GIVEN DATA =
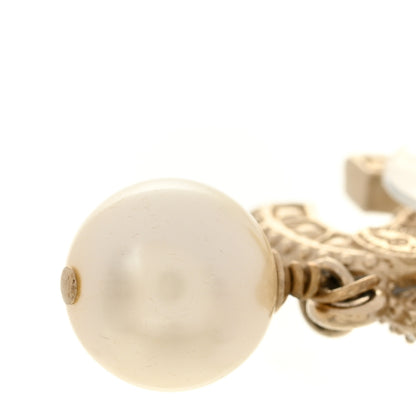Chanel Crystal Timeless CC Pearl Drop Earrings Light Gold 5 of 6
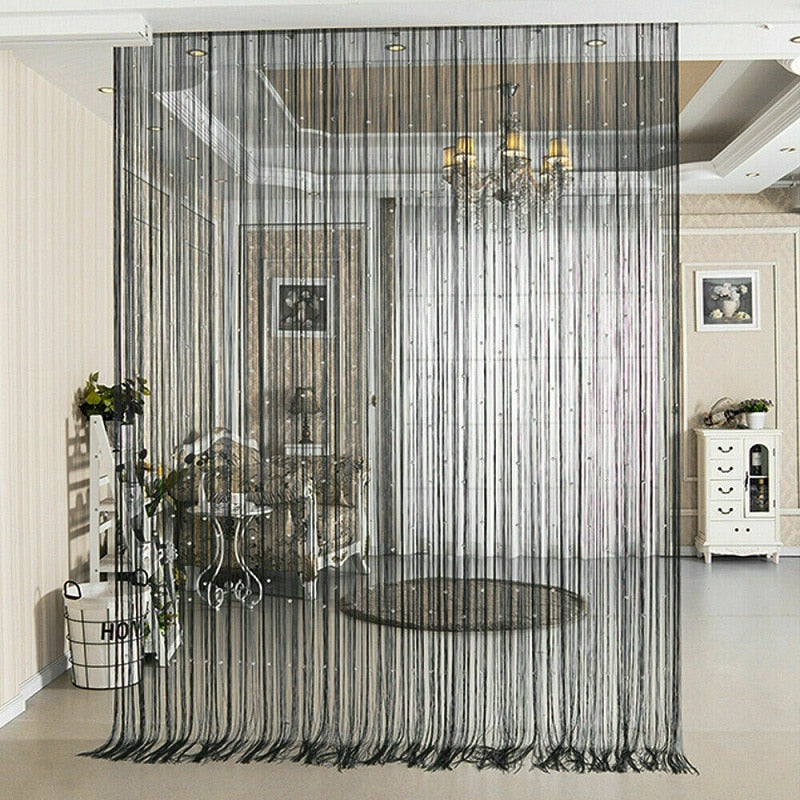 Crystal Beads Tassel Silk String Bead Curtain Door Divider Drape Sheer Panel Curtains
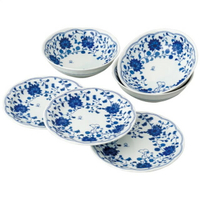 小禮堂 史努比 日本製 陶瓷碗盤組6入組 (藍唐草)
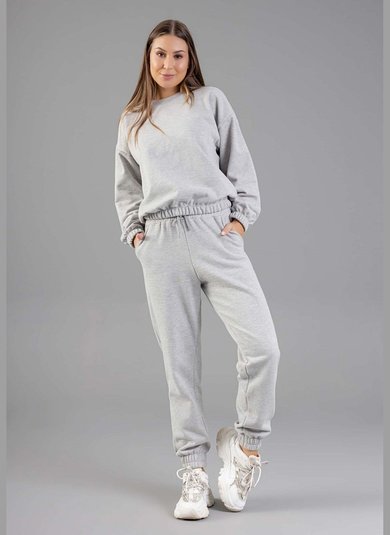 Calça Básica em Moletom Feminino Adulto (Cinza) Just Basic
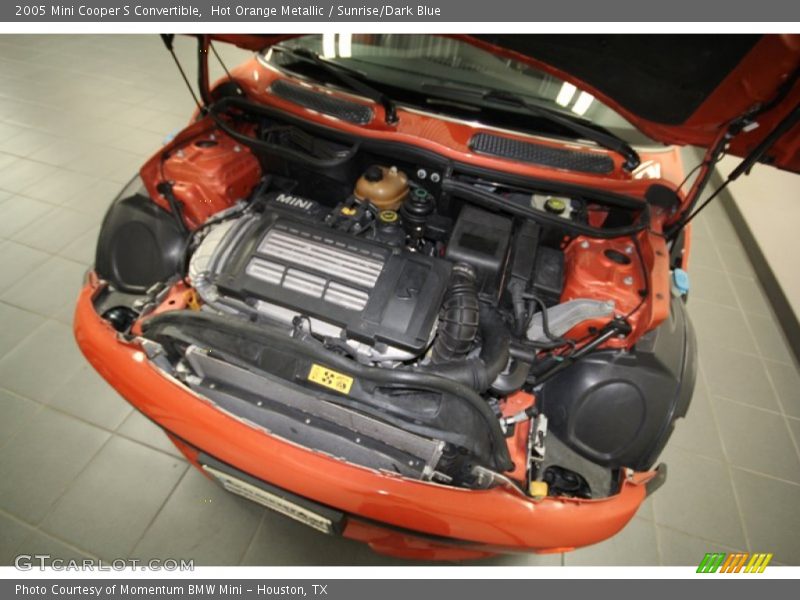 Hot Orange Metallic / Sunrise/Dark Blue 2005 Mini Cooper S Convertible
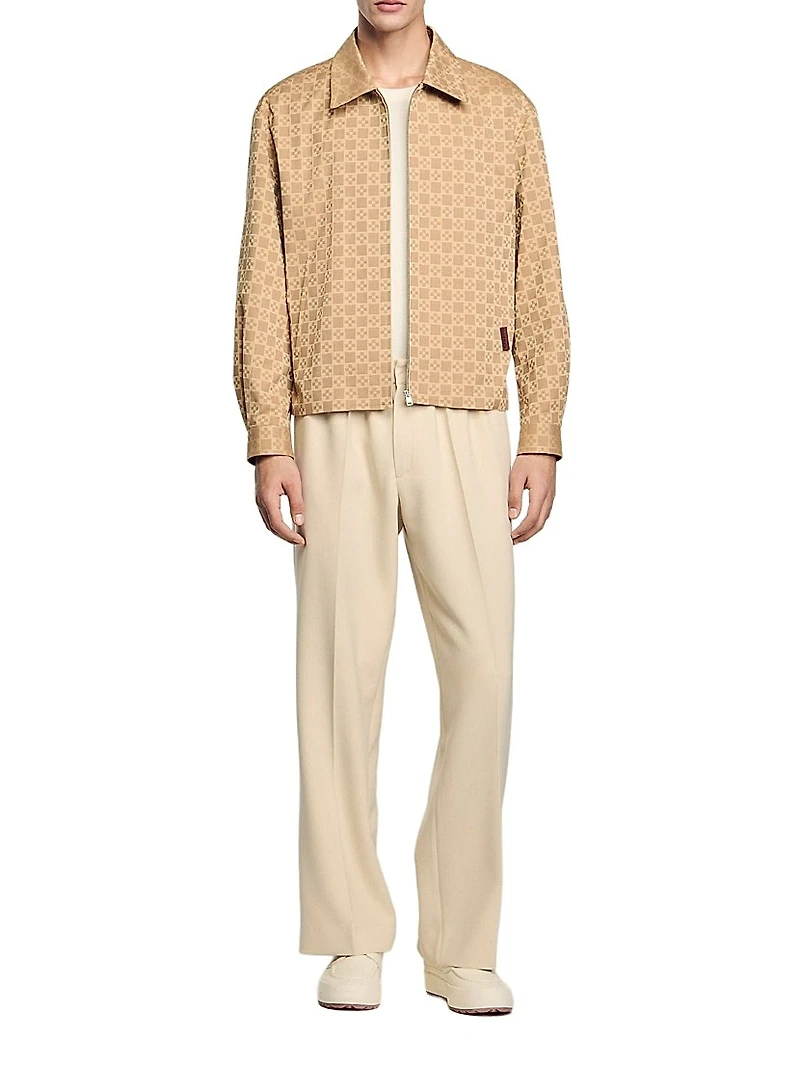Square Cross Zip-Up Jacket
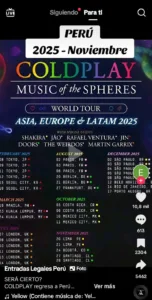 Coldplay en Perú 2025: fechas, lugar y precio de las entradas vía Teleticket
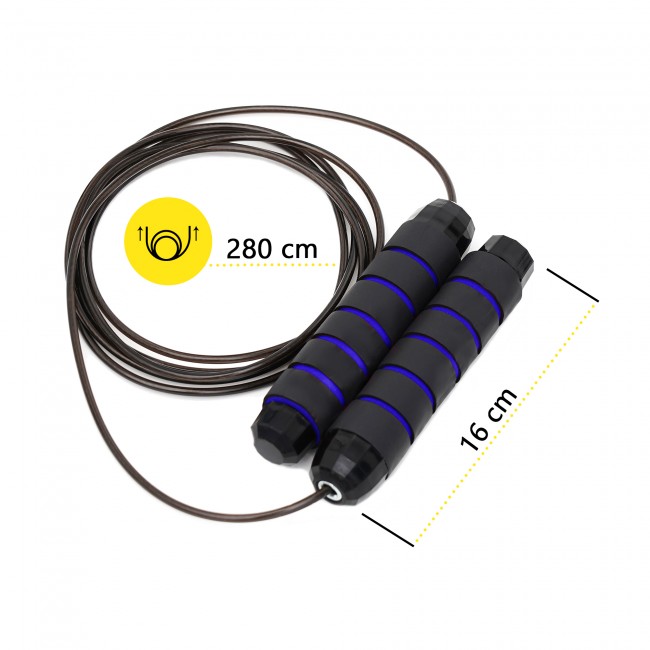 Скакалка скоростная для кроссфита Cornix Speed ​​Rope Classic с отягощением XR-0351 Black/Blue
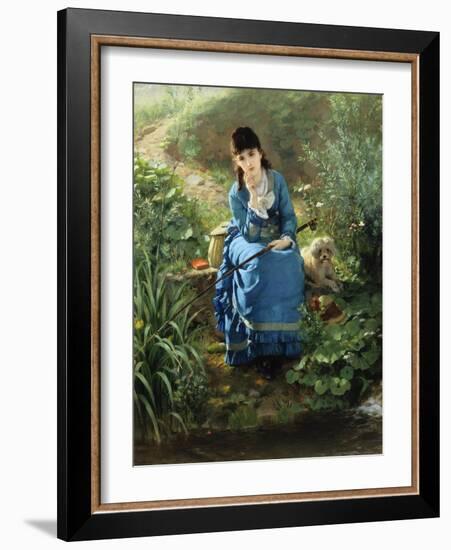 A Rest by the Pool-Friedrich Peter Hiddeman-Framed Giclee Print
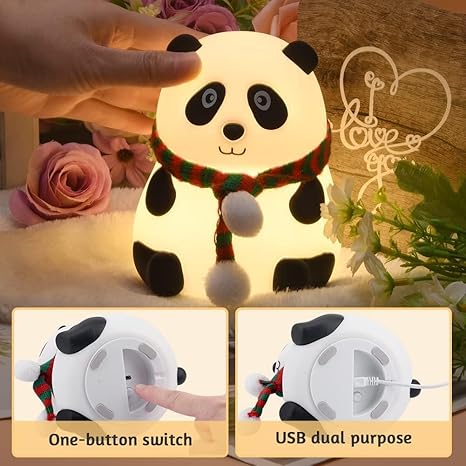 Soft Silicone Panda Night Lamp | Rechargeable 7-Color | Safe, Color Changing & Cute|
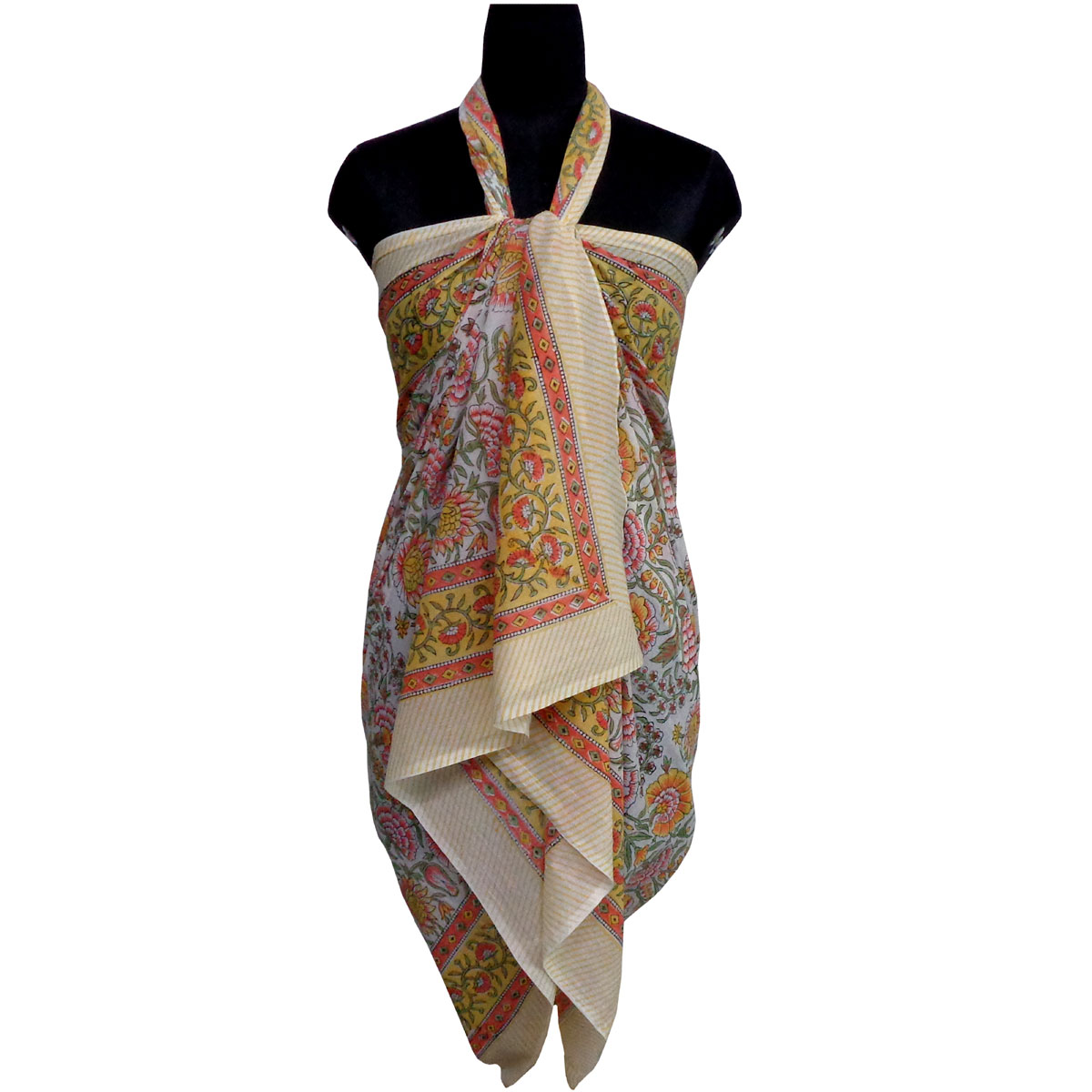 Beach Wrap Sarong Womens Swimwear Wraparound Pareo Soft Cotton Hand Block Printed  Reshma Sea Green Open 203253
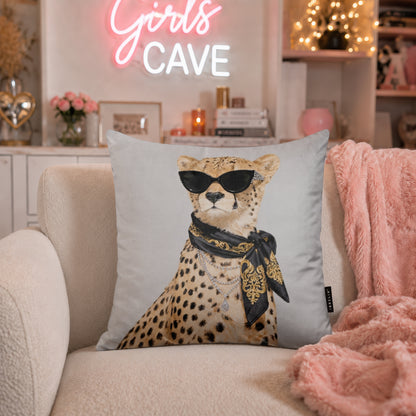 Luxury Cheetah Velvet Suede Decorative Cushion | Premium Double-Sided Print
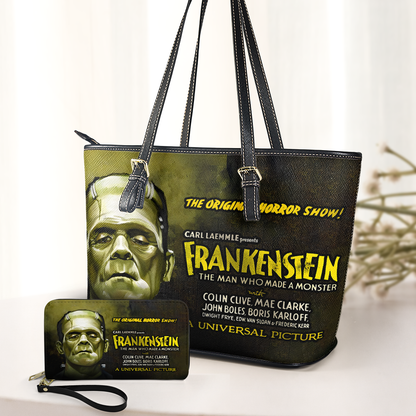 Vintage Frankenstein Horror Leather Handbag & Wallet Set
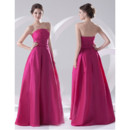 Cheap A-Line Strapless Floor Length Satin Evening Prom Dress for Women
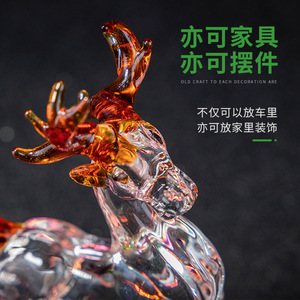 Ornement Cerf en Cristal Décoration Voiture Maison Cadeau Style Européen Motif Animal Forme Libre Cristal Blanc - Product Image 4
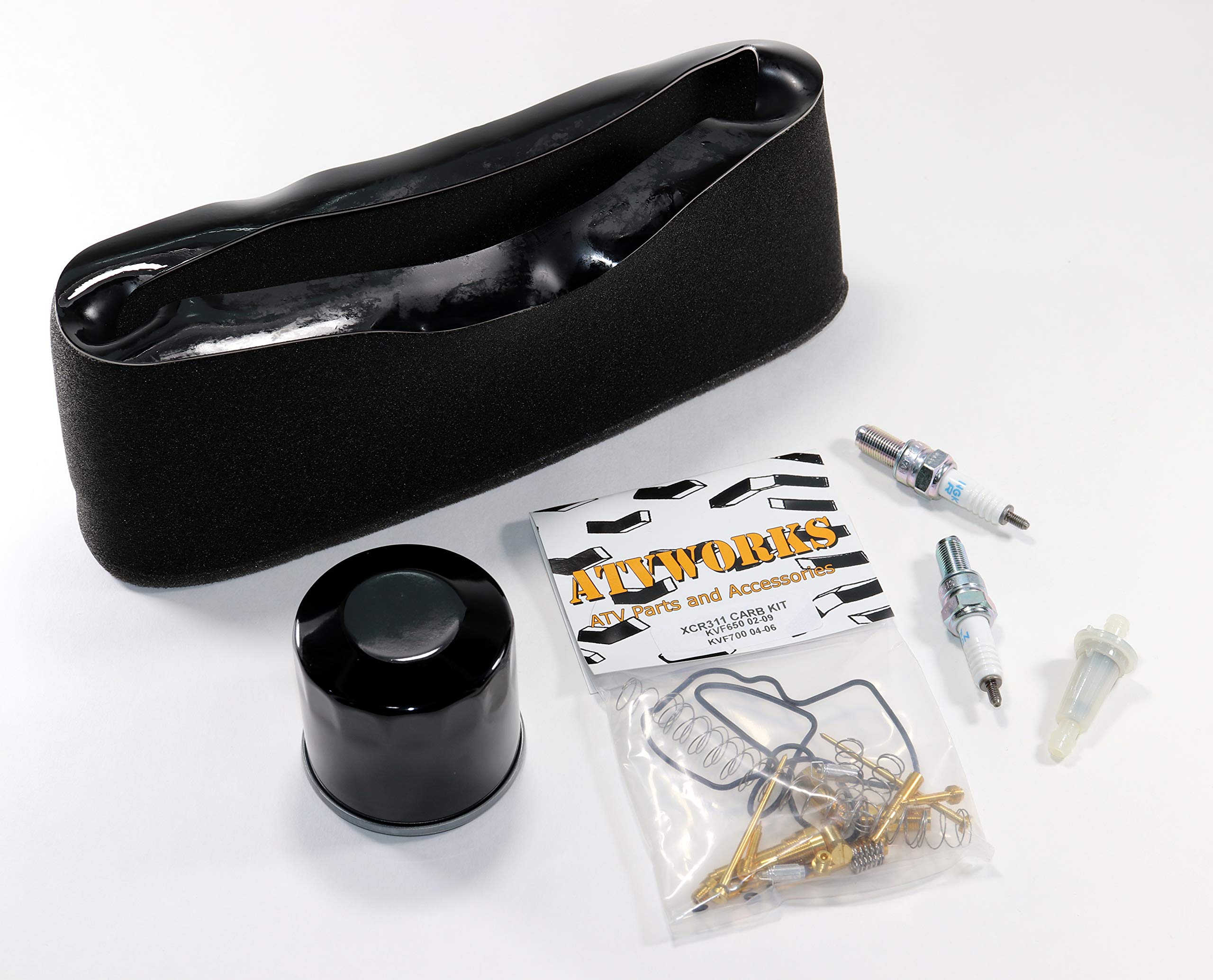 Kawasaki Prairie 650 & 700 / Brute Force 650 ATV Tune-Up Kit - Oil Filter, Air Filter, Spark Plugs, Fuel Filter & Carburetor Rebuild Kit | Complete Maintenance Kit for Off-Road Performance & Engine Protection | Perfect for Trail Riding, Hunting & Farm Work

WORK TO COMPLETE =
Give the records again exactly as they stand, so that only the pictures are missing.

SOLUTION BELOW =
Chanel Crystal Timeless CC Pearl Drop Earrings Light Gold 5 of 6
 Crystal Beads Tassel Silk String Bead Curtain Door Divider Drape Sheer Panel Curtains
 小禮堂 史努比 日本製 陶瓷碗盤組6入組 (藍唐草)
 Calça Básica em Moletom Feminino Adulto (Cinza) Just Basic
 Hot Orange Metallic / Sunrise/Dark Blue 2005 Mini Cooper S Convertible
Square Cross Zip-Up Jacket
 Coldplay en Perú 2025: fechas, lugar y precio de las entradas vía Teleticket
 Скакалка скоростная для кроссфита Cornix Speed ​​Rope Classic с отягощением XR-0351 Black/Blue
 A Rest by the Pool-Friedrich Peter Hiddeman-Framed Giclee Print
 Soft Silicone Panda Night Lamp | Rechargeable 7-Color | Safe, Color Changing & Cute|
 Beach Wrap Sarong Womens Swimwear Wraparound Pareo Soft Cotton Hand Block Printed  Reshma Sea Green Open 203253
 Luxury Cheetah Velvet Suede Decorative Cushion | Premium Double-Sided Print
 Vintage Frankenstein Horror Leather Handbag & Wallet Set
 Cheap A-Line Strapless Floor Length Satin Evening Prom Dress for Women
 Ornement Cerf en Cristal Décoration Voiture Maison Cadeau Style Européen Motif Animal Forme Libre Cristal Blanc - Product Image 4
 Kawasaki Prairie 650 & 700 / Brute Force 650 ATV Tune-Up Kit - Oil Filter, Air Filter, Spark Plugs, Fuel Filter & Carburetor Rebuild Kit | Complete Maintenance Kit for Off-Road Performance & Engine Protection | Perfect for Trail Riding, Hunting & Farm Work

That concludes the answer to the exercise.